Wie Gellert es damals gewesen war.
Die Dunkelheit hatte sich immer tiefer in seine Seele gegraben und doch hatte ich immer versucht daran zu glauben, dass er dem Licht noch eine Chance geben würde.
Schon damals, 1899, hatte er das an sich gehabt.
Diese Entschlossenheit.
Diese Dunkelheit.
Aber vor allem diesen einen Charakterzug, der mich bis heute beeindruckte: Ehrgeiz. Ein toxischer, vergifteter Ehrgeiz. Und doch... Diese gewisse Sanftheit. Wenn er mit Ari gesprochen hatte. Sie hatte ihn gern gehabt. Wenn sie mit ihm gesprochen hatte, waren die Schatten ihres Obscurus aus ihren Augen verschwunden.

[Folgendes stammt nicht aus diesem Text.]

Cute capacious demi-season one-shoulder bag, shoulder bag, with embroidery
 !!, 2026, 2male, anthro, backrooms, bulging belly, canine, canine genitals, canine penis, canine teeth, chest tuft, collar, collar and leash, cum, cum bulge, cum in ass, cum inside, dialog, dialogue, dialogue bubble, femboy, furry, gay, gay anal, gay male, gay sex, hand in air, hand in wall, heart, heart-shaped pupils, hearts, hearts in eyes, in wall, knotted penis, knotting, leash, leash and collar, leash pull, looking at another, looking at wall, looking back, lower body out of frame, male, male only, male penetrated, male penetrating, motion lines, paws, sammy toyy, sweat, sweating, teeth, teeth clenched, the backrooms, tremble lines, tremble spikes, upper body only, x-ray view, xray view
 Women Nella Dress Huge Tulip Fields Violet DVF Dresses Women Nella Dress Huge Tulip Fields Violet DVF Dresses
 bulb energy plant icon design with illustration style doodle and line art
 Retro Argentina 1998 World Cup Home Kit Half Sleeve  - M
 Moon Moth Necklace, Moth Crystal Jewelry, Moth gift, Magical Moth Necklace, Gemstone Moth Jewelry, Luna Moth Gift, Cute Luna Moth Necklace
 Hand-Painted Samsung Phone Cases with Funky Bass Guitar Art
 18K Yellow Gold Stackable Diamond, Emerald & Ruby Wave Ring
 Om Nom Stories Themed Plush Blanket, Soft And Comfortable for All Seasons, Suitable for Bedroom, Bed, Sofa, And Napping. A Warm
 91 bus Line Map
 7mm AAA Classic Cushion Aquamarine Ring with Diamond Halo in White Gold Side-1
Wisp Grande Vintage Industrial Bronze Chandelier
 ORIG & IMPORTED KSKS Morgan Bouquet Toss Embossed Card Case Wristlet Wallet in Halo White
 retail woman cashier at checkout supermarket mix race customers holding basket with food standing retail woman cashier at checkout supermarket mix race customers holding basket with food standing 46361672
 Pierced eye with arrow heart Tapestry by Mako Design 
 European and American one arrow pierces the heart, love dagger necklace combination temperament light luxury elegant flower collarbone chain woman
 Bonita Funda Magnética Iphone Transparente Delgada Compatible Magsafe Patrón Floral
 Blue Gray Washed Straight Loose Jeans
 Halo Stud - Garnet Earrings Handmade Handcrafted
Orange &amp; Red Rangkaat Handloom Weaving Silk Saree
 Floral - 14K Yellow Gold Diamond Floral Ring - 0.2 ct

'Wir werden sie retten, Al.'
Das hatte er zu mir gesagt.
Noch immer meinte ich, seinen warmen Atem zu spüren, seine Stimme flüsternd an meinem Ohr zu hören, als er diese Worte sagte: 'Wir werden sie retten, Al.'
Wir wollten.
Aber wir hatten es nicht getan.
"Die Welt ist wie ein Schloss, Al. Ein Schloss aus Glas.", Gellerts Worte waren leise, gedankenverloren. Wie immer war er so lautlos hinter mich gekommen wie ein Katze auf ihren Samtpfoten. "Ja. Es ist alles so... zerbrechlich.", murmelte ich und wandte mich zu ihm um. Er stand da, die Unterarme auf die Stahlstreben gestützt, die zweifarbigen Augen in die Ferne gerichtet und zu Schlitzen verengt, während er in die Abendsonne blinzelte. "Zerbrechlich.", wiederholte er mit schwerer Stimme. "Ja. Wie sagte ich? Ein Schloss aus Glas. Und ich bin ein Riss darin."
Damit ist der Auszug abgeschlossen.